Nothing but the lines from the one containing "Flower Villa –" through the one containing "Central Antwerp Marble Lodge", both included, should be given again, each exactly as written below.

##### Data for analysis

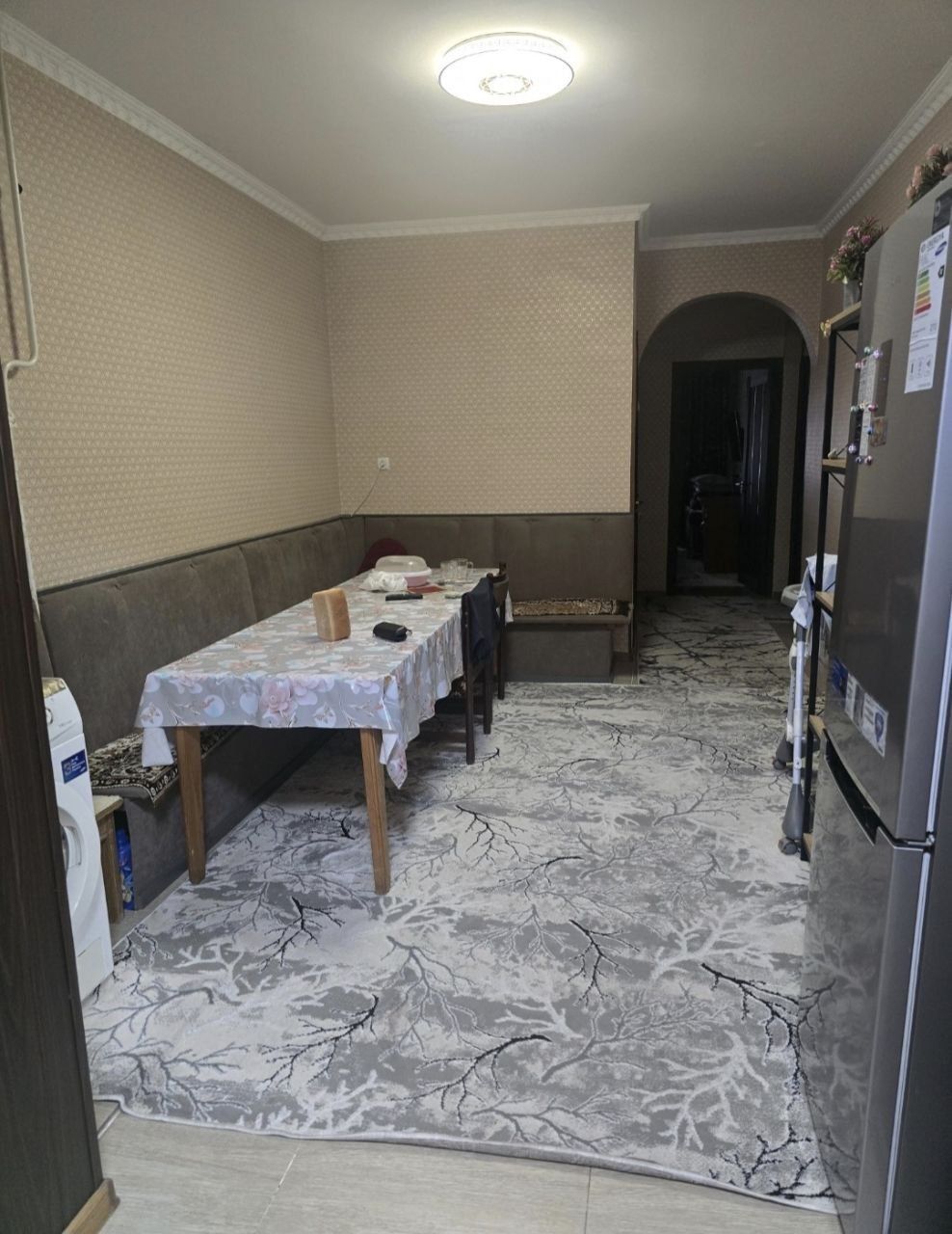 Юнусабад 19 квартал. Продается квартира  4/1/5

##########
##### Data for analysis

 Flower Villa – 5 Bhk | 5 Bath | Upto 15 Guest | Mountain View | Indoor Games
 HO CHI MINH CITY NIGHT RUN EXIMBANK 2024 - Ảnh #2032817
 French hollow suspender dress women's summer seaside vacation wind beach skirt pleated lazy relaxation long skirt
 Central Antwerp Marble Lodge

##########

→ Exercise solution:
 Flower Villa – 5 Bhk | 5 Bath | Upto 15 Guest | Mountain View | Indoor Games
 HO CHI MINH CITY NIGHT RUN EXIMBANK 2024 - Ảnh #2032817
 French hollow suspender dress women's summer seaside vacation wind beach skirt pleated lazy relaxation long skirt
 Central Antwerp Marble Lodge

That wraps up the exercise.